If this sounds basic, that’s because it is. But it’s amazing to me how often teams go through an interview cycle without making sure that everyone is on the same page with regard to these two areas. Note that this can happen even when HR has a defined process for how candidates are routed through the hiring pipeline. HR involvement is fine and necessary, but the team for which the candidate is interviewing has to be take ownership. The HR department can orchestrate the process of hiring people, but in my opinion only the hiring team can make sure the company still grows even if no one is hired. Be the person who steps up and demands your team establish this upfront clarity if you don’t see this happening.
After the Interview: Demand a Candidate Debrief
I truly believe I’ve learned more about business from participating in candidate debriefs with my past managers than probably any other activity in my career.
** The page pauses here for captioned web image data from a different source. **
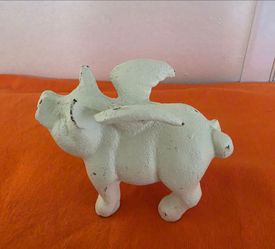 Paperweight  Style 4” Small Cast Iron Flying Pig Statue Figurine Shelf Art Creature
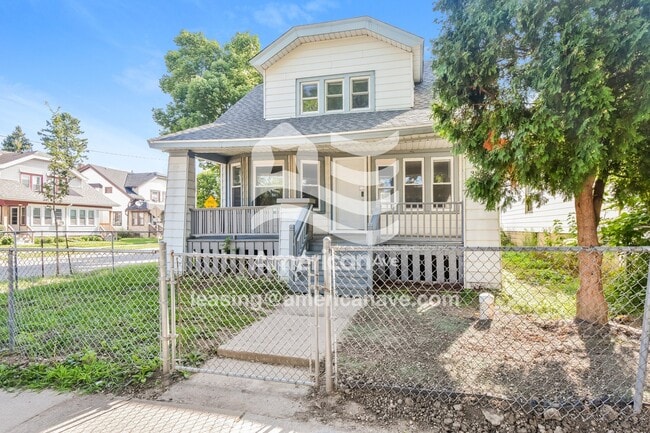 Building Photo - 3852 N 28th St
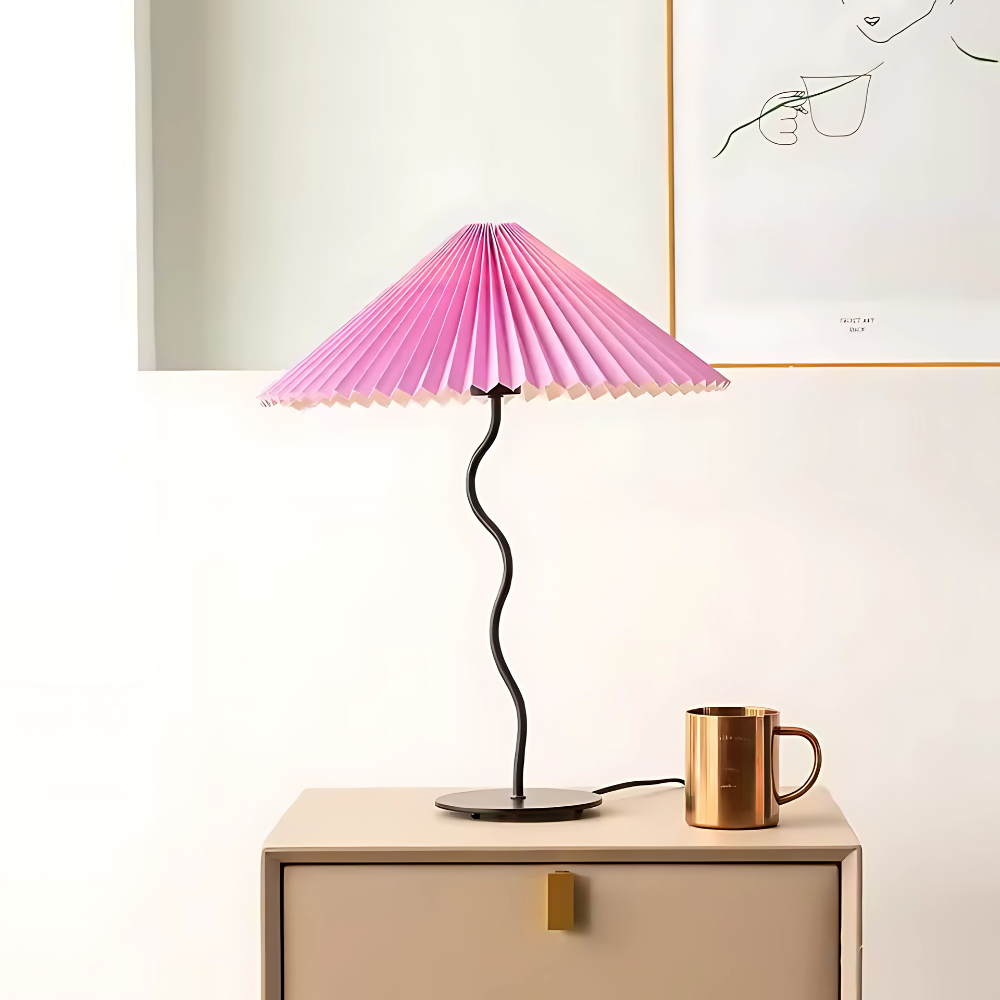 Tischlampe ins Retro Plissee Regenschirm Nordic™ | Stimmungsvolles Licht mit Retro-Charme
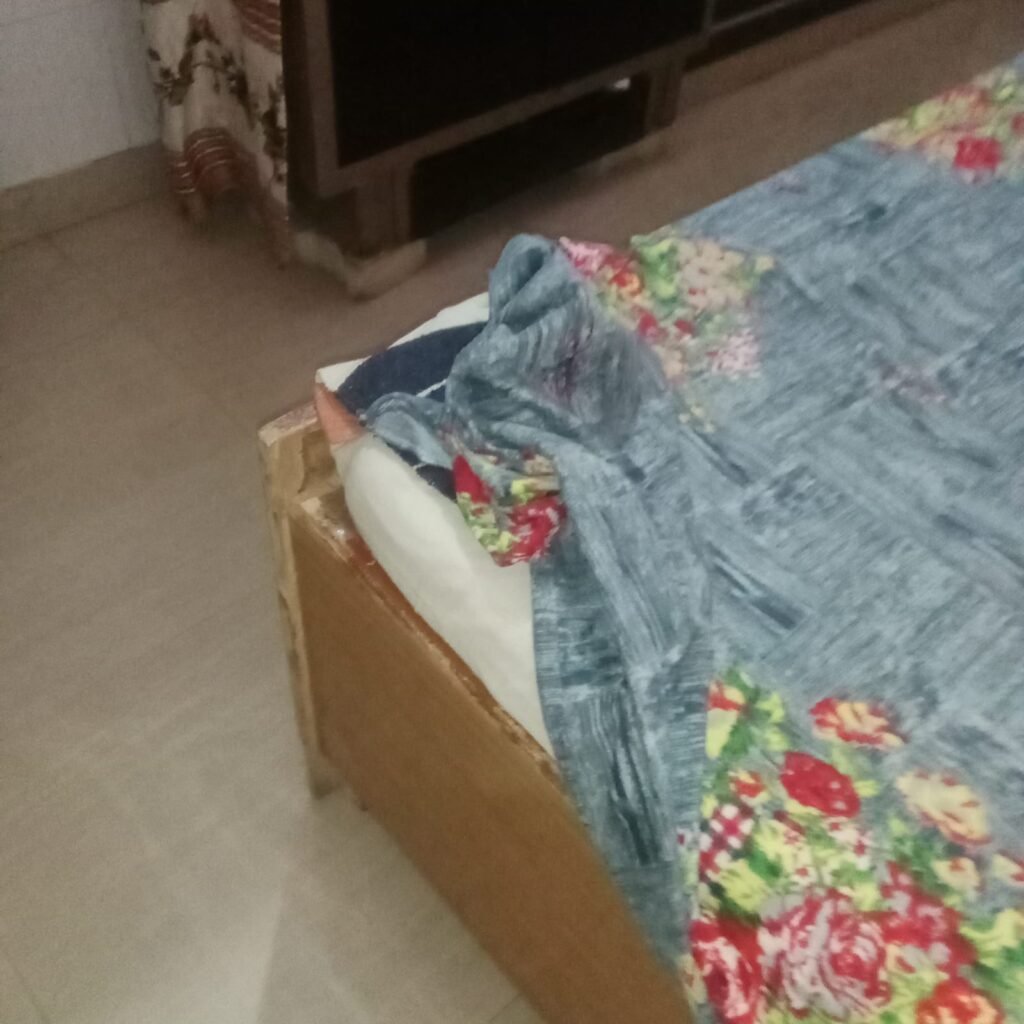 अलमारी का ताला तोड़कर चुराए गहने व नकदी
Numerous times, I recommended hiring or passing on a candidate with what I thought was sound logic only to be schooled by a more experienced executive who identified things I’d missed and completely changed my point of view. The minor sting of being shown up like that pales in comparison to what you learn from hearing the stewards of your organization as well as your peers explain why they do or don’t want someone to be a part of the organization. The discussion forces everyone to clarify their expectations for the future and their acknowledgement of the present state. In fact, it’s one of the best ways to find out about the hidden problems in your organization, because new hires are often evaluated in the context of whether they can help solve one of them.
In my experience, the toughest thing about a candidate debrief can be making sure it happens. Do whatever you have to in order to set this up and benefit from it. I won’t get too prescriptive about the “how” in this post, save for three rules which I believe must always be followed:
- Don’t settle for sending feedback over email or for collecting feedback from people individually. This conversation must happen synchronously, verbally, and with as many of the interviewers present in the same room as possible as soon after the interview as possible. The purpose is to maximize dialogue so that everyone benefits from each other’s perspectives and experience in addition to making a good hiring decision.
- No exceptions to rule number 1. No matter how senior or junior the position is.
- No one gets to pass on answering the “should we hire this person” question. Everyone must explain their answer, for or against. If the answer is “I don’t know,” then the person must explain why they can’t make a determination and what they would need in order to do so.
It’s tempting with scheduling difficulties to find quicker and easier ways for people to provide their feedback on a candidate. Don’t let it happen. Be the one who demands the candidate debrief if it’s not happening. You, your team, and your organization can’t afford not to do this.
Is this happening in your team or in your company today?